My Dad told me to see if the university offered counselling. They did so I booked an appointment. Two days later I was seen by a counsellor, told her my problems and hoped that her words might change my world.

They didn’t. After hearing my story she asked me if I had any hobbies. I told her I liked climbing. She told me that was good. That it showed I was ascending in some way.

Two hours later I slit my wrist by a dumpster. I was taken to hospital and patched up. After that I was seen by the Crisis Team and moved back to West Sussex where I continued meeting with the teams and getting my life back on track.

In my last depressive episode I went to a different hospital to ask to see someone regarding my mental health.
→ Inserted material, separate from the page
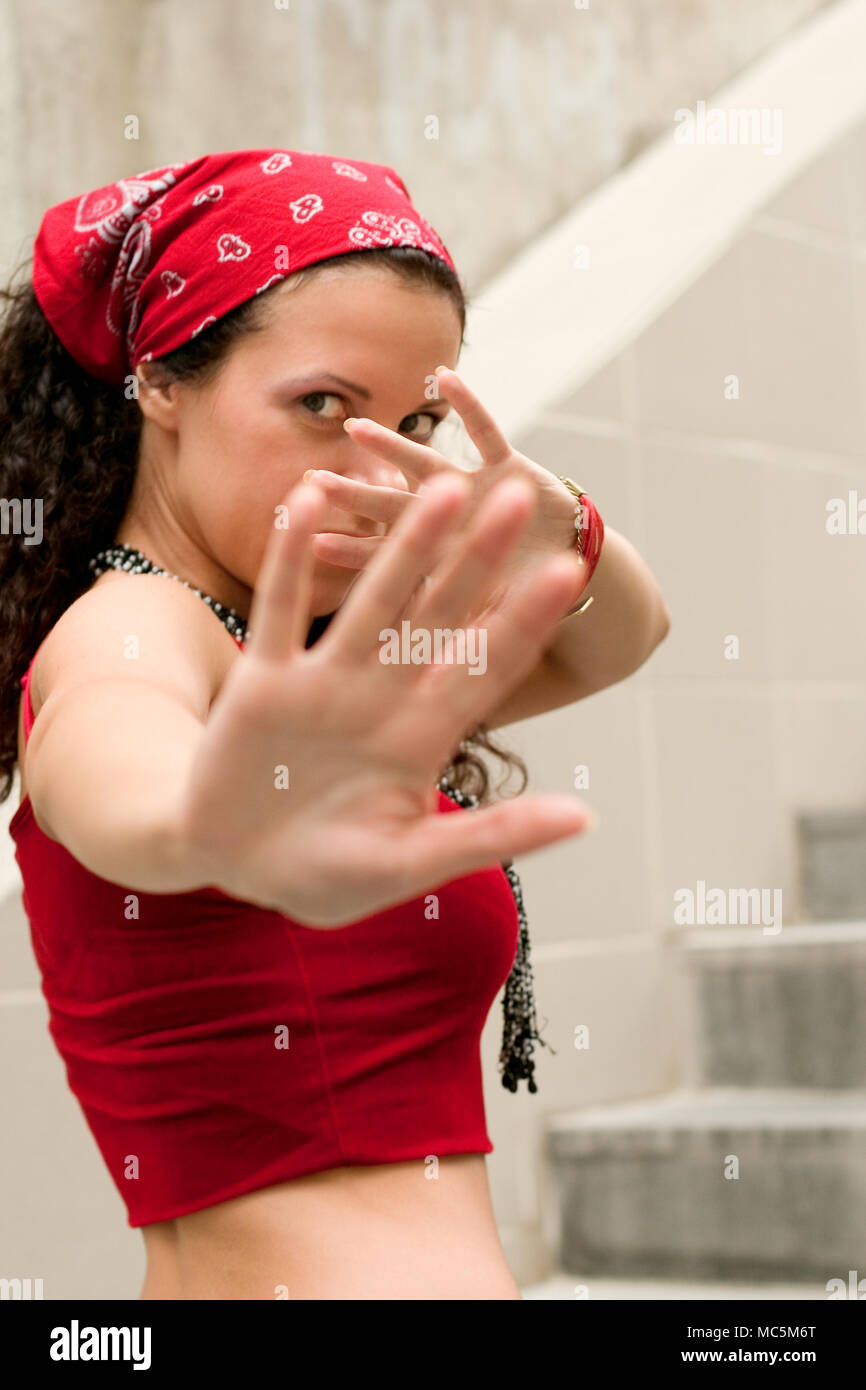 woman in red hides her face by hands Stock Photo - Alamy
At this point I wanted to commit suicide but was forced by my partner to keep on fighting.

When I got to the hospital I was seen to by a psychiatrist who offered me a weeks worth of diazepam and sleeping pills and then gave me a pamphlet for the local commumity team.

I was told that the community team would try to contact me in two weeks time.

A few days later I tried to leave my fiance at her door in order to go and step in front of a train. A crew turned up from a bespoke paramedic unit and told me that I was going to be taken to the psychiatric ward.

There were no beds in the local unit so I had to travel from Crawley to Eastbourne General. I stayed there four nights. At one time when I was allowed out I walked away from the hospital and up to Beachy Head. It was raining. I was cold. I had turned my phone off and I carried a piece of flint sharp enough to cut and planned to jump from the cliffs.

It was only when I realised the effect it would have on my fiance that I turned around and head back to the ward.

Anyway, I finally got a bed in the Crawley ward at Langley Green. I was transferred and seen to by a clinical psychologist.

Until a person hits critical point there is very little that can be done for those who suffer mentally. The services are simply not there in the initial stages and it’s only when an attempt at suicide is made that there is a response.

These two factors combined (men not wanting to talk and a lack of resources) are a deadly mix. There should be more funding for mental health services and there should be a large scale movement to encourage men to speak about their problems. Day by day this seems to be changing. But my experience makes me believe that it is not happening quick enough.

I only hope this blog post does a little bit toward helping that.